Casagiove/Maddaloni/Caivano. Il ristorante a Casagiove. C’è il locale a due porte sito lungo la Nazionale Appia a pesare sulla bilancia della giustizia e sul verdetto della Cassazione che poche settimane fa ha deciso di lasciare in cella l’ex brigadiere Lazzaro Cioffi, in attesa dell’inizio del maxi processo all’organizzazione che gestiva lo spaccio al Parco Verde, che lo vede tra gli indagati, insieme alla moglie Emilia D’Albenzio, la titolare del locale, e al ras del caivanese Pasquale Fucito.

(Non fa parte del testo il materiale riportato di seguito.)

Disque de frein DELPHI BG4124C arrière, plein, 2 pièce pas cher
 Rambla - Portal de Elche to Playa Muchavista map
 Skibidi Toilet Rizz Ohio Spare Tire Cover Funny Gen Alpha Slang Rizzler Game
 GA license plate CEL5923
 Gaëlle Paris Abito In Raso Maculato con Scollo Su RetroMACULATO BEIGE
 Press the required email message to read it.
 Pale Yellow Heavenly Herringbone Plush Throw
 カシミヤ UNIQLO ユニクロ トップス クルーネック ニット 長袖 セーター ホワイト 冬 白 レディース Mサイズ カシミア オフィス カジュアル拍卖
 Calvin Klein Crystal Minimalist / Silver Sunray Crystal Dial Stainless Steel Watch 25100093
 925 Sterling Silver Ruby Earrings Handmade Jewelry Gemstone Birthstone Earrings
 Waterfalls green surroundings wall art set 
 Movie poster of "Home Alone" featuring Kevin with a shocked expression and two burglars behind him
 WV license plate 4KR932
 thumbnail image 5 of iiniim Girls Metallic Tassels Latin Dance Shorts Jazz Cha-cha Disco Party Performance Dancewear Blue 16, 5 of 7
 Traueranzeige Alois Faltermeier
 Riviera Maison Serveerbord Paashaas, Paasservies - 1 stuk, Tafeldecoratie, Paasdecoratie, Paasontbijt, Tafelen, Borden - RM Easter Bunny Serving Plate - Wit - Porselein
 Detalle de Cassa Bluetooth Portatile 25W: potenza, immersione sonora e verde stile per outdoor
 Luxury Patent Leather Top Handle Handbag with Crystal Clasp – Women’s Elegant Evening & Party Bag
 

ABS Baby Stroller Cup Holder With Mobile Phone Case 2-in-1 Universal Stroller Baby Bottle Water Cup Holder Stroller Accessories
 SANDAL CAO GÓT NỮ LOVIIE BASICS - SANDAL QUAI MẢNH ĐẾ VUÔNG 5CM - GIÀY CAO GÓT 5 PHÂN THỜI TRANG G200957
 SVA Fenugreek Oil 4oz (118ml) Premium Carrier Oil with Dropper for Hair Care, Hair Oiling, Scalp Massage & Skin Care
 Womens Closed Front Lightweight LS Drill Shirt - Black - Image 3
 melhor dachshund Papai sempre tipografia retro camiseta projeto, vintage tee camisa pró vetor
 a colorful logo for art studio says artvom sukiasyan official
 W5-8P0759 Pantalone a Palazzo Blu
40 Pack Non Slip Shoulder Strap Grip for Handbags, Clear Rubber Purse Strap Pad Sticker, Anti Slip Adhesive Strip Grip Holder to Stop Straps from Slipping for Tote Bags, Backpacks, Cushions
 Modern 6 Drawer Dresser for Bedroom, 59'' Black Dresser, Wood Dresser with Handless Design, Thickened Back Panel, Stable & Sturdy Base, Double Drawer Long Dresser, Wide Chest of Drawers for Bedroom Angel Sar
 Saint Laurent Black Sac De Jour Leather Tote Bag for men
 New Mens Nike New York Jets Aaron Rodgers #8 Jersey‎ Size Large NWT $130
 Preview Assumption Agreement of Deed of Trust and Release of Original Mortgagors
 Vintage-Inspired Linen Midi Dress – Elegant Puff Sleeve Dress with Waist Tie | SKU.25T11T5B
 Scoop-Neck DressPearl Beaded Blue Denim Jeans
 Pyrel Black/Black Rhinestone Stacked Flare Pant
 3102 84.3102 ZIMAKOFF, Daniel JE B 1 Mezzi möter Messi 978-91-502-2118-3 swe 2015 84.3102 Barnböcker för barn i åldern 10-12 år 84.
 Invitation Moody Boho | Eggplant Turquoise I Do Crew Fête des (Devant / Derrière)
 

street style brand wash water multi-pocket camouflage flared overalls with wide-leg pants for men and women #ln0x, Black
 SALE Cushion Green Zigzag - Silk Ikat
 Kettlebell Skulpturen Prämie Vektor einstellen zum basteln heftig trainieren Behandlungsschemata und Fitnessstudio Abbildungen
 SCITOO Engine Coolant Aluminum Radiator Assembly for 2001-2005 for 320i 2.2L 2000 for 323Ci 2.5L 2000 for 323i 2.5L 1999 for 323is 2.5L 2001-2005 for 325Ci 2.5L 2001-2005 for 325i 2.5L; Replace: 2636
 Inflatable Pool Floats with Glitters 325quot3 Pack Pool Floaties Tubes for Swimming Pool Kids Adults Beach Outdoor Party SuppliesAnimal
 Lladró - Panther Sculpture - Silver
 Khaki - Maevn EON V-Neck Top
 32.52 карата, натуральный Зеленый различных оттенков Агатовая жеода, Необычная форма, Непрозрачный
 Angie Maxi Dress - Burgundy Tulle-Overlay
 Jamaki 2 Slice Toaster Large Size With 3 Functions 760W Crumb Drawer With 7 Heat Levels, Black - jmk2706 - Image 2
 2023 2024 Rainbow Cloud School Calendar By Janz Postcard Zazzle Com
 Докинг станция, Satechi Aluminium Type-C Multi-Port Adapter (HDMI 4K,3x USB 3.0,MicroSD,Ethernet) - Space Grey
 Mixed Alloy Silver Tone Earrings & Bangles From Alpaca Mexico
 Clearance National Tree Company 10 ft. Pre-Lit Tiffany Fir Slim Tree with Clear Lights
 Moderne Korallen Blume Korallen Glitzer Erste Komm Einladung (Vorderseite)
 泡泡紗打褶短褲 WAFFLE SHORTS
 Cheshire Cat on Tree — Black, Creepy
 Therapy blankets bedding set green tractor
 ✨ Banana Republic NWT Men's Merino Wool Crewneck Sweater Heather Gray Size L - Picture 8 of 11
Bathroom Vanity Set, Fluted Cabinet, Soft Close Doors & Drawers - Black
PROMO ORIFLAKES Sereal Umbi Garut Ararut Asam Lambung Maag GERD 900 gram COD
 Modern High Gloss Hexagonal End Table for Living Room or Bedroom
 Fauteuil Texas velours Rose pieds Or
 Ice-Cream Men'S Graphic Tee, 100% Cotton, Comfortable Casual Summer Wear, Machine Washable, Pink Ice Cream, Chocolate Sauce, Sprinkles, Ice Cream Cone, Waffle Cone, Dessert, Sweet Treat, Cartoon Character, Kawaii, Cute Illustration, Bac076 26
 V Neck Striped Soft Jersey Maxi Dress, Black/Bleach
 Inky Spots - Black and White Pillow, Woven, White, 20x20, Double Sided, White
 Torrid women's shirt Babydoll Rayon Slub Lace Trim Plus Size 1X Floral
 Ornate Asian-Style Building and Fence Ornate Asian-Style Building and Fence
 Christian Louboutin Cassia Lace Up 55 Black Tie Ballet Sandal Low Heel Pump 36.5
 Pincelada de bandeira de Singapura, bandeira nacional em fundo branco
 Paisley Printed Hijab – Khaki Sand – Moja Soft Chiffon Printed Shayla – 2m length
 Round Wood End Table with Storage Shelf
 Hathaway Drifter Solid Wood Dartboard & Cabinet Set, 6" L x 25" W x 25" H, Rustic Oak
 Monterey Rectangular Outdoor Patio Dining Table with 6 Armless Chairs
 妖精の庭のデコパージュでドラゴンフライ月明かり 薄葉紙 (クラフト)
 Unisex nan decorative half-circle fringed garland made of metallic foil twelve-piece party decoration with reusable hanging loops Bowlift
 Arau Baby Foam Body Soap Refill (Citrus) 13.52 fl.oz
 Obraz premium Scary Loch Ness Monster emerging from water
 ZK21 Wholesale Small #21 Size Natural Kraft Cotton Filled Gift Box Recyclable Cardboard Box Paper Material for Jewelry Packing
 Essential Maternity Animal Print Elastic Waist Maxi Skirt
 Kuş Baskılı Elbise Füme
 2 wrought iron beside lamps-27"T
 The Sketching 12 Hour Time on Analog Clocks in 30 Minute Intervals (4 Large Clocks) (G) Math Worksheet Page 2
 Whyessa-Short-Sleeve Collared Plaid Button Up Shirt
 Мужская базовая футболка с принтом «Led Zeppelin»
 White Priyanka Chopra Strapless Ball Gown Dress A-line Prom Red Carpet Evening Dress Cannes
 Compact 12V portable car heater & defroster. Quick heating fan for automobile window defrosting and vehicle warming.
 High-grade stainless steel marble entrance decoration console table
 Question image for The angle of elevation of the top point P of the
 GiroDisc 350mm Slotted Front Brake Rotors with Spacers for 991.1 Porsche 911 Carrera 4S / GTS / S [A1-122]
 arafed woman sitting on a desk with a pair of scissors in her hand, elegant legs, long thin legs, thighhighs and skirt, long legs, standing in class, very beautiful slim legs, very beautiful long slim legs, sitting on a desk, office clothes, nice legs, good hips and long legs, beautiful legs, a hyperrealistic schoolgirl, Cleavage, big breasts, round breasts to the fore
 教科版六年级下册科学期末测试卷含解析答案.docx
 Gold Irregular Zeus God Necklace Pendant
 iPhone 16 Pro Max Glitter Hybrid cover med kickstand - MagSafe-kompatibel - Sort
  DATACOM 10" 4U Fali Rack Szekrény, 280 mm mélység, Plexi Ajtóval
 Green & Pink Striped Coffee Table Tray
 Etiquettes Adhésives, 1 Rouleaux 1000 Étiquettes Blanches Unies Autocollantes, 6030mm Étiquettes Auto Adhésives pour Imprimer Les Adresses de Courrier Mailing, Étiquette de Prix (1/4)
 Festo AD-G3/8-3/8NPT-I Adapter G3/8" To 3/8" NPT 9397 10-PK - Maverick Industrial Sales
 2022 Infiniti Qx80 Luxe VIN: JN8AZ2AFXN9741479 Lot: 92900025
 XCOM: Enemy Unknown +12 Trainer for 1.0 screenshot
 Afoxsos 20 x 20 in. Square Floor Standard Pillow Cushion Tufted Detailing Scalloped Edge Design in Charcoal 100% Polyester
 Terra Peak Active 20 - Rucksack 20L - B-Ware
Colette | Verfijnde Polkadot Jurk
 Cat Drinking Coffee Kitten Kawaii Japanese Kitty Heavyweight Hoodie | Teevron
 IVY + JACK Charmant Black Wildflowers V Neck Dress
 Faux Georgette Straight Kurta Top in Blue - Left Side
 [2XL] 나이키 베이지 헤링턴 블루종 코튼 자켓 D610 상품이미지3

Tra le motivazioni addotte dalla Suprema Corte, c’è proprio l’operazione finanziaria che portò alla cessione dell’osteria di Casagiove da “Marcolino” Cioffi alla famiglia Fucito, attraverso un nipote di “o’ Marziano” che, di fatto, sborsò il denaro necessario per rilevare l’attività. E proprio la cifra pattuita insospettì gli investigatori: Pasquale Fucito lo acquistò al triplo del suo valore reale. Una sproporzione dovuta – secondo quanto confermato dalla stessa Cassazione – alla volontà di gratificare Cioffi per le informazioni e la protezione concessa al suo cartello criminale.
“Vendendo al Fucito l’attività di ristorazione, intestata alla moglie ed alla figlia, a prezzo doppio rispetto al valore reale, consentendone la fittizia intestazione al nipote del Fucito – scrivono i magistrati – ha favorito il reinvestimento di capitali illeciti, derivanti dal narcotraffico”. La difesa di Cioffi ha fatto rilevare che gli eventuali benefici dell’operazione sarebbero ricaduti sul singolo Fucito, e non sul suo gruppo, ma la Suprema Corte ha respinto tale ipotesi confermando le misure restrittive nei confronti dell’ex brigadiere (congedatosi dall’Arma nel giugno scorso dopo 27 anni a Castello di Cisterna) e della consorte, la maddalonese Emilia D’Albenzio.